--- START ---

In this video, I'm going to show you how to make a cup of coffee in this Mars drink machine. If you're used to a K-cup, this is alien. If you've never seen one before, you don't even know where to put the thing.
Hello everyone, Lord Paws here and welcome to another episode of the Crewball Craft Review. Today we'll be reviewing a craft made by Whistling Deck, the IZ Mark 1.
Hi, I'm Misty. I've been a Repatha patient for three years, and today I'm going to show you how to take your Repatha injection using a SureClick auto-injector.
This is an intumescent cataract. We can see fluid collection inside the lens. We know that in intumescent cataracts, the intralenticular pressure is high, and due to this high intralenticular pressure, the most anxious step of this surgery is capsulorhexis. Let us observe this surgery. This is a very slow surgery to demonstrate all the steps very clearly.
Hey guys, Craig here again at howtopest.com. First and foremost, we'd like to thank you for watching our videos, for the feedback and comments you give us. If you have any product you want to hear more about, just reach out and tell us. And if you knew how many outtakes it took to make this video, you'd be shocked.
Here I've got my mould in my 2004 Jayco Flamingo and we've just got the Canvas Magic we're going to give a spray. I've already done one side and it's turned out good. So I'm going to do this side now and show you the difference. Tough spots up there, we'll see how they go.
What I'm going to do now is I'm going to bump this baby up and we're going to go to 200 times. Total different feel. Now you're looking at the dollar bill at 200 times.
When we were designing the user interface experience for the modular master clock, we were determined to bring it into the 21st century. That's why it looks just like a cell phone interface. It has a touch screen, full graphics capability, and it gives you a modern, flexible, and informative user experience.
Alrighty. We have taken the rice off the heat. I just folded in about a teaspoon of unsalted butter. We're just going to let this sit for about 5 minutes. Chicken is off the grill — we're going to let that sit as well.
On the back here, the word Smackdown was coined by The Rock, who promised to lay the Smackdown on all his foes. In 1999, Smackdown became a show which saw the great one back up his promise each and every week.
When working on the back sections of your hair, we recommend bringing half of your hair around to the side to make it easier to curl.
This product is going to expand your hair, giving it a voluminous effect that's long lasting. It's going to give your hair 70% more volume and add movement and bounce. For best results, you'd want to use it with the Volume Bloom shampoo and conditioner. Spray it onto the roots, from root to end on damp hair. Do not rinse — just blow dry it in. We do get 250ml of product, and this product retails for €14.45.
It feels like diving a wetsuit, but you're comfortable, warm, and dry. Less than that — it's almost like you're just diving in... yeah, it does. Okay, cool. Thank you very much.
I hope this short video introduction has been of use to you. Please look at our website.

--- END ---

HOW TO COMPLETE THIS TASK: Taking the lines above, repeat exactly those from the line that contains "This is an intumescent" through the line that contains "Alrighty. We have", and both of those lines as well. Include nothing else.

TASK OUTPUT:
This is an intumescent cataract. We can see fluid collection inside the lens. We know that in intumescent cataracts, the intralenticular pressure is high, and due to this high intralenticular pressure, the most anxious step of this surgery is capsulorhexis. Let us observe this surgery. This is a very slow surgery to demonstrate all the steps very clearly.
Hey guys, Craig here again at howtopest.com. First and foremost, we'd like to thank you for watching our videos, for the feedback and comments you give us. If you have any product you want to hear more about, just reach out and tell us. And if you knew how many outtakes it took to make this video, you'd be shocked.
Here I've got my mould in my 2004 Jayco Flamingo and we've just got the Canvas Magic we're going to give a spray. I've already done one side and it's turned out good. So I'm going to do this side now and show you the difference. Tough spots up there, we'll see how they go.
What I'm going to do now is I'm going to bump this baby up and we're going to go to 200 times. Total different feel. Now you're looking at the dollar bill at 200 times.
When we were designing the user interface experience for the modular master clock, we were determined to bring it into the 21st century. That's why it looks just like a cell phone interface. It has a touch screen, full graphics capability, and it gives you a modern, flexible, and informative user experience.
Alrighty. We have taken the rice off the heat. I just folded in about a teaspoon of unsalted butter. We're just going to let this sit for about 5 minutes. Chicken is off the grill — we're going to let that sit as well.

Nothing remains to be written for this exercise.